** The problem **
The required output is the lines below from the line containing "Armadio Rack 19''" to the line containing "Honeywell Surge Protector, 8", inclusive, retyped exactly. No other lines belong in it.

** Excerpted data **
━━━━━━━━━━━━━━━━━━━━━━━━━━━━━━
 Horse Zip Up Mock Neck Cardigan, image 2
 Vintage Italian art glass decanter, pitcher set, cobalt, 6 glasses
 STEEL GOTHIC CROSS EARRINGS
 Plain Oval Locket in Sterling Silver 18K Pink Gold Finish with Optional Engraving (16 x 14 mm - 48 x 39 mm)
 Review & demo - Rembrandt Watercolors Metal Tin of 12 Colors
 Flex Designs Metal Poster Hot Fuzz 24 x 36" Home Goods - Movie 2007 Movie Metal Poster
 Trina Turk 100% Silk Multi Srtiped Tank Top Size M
━━━━━━━━━━━━━━━━━━━━━━━━━━━━━━
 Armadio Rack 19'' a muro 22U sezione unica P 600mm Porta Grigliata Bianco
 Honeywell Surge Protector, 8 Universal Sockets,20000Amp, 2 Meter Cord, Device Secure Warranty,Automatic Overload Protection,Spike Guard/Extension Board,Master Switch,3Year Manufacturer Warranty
━━━━━━━━━━━━━━━━━━━━━━━━━━━━━━
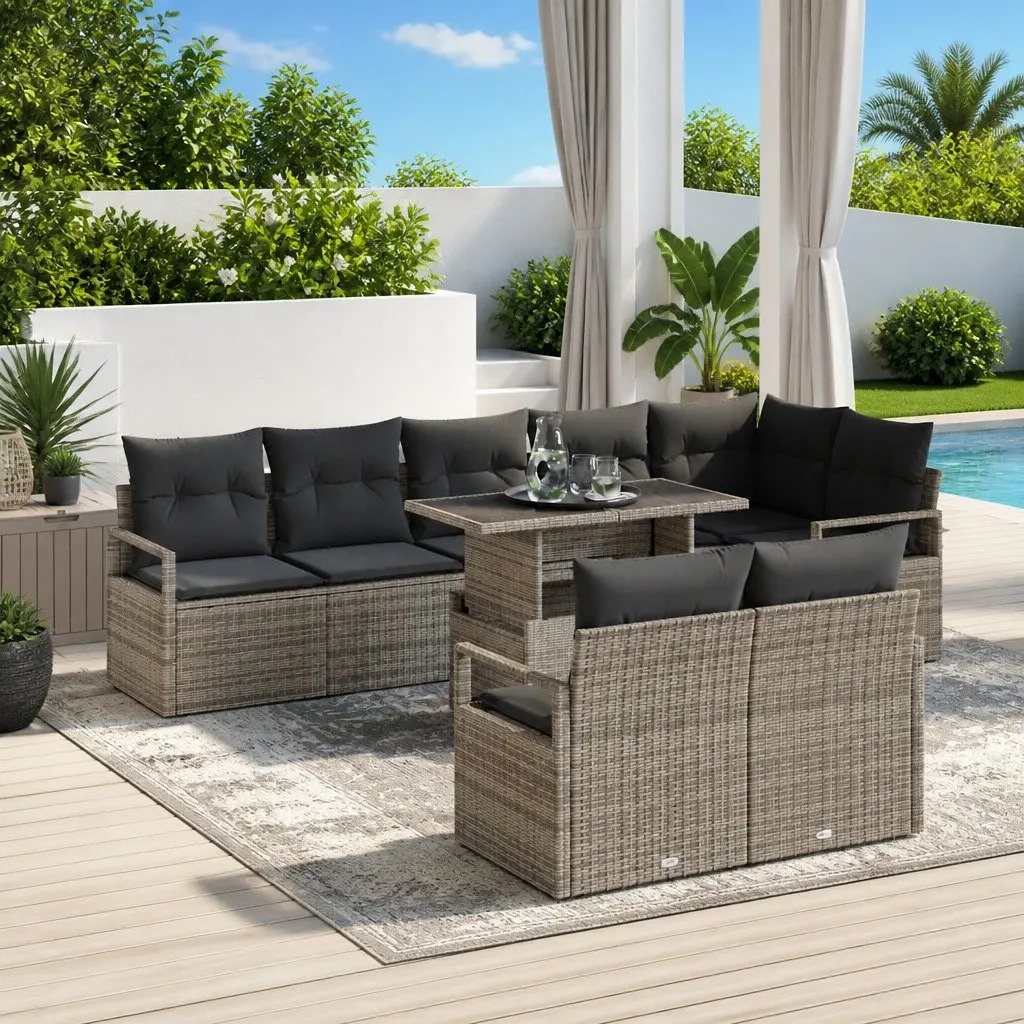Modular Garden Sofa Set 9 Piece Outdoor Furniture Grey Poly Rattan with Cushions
━━━━━━━━━━━━━━━━━━━━━━━━━━━━━━
** Task output **
 Armadio Rack 19'' a muro 22U sezione unica P 600mm Porta Grigliata Bianco
 Honeywell Surge Protector, 8 Universal Sockets,20000Amp, 2 Meter Cord, Device Secure Warranty,Automatic Overload Protection,Spike Guard/Extension Board,Master Switch,3Year Manufacturer Warranty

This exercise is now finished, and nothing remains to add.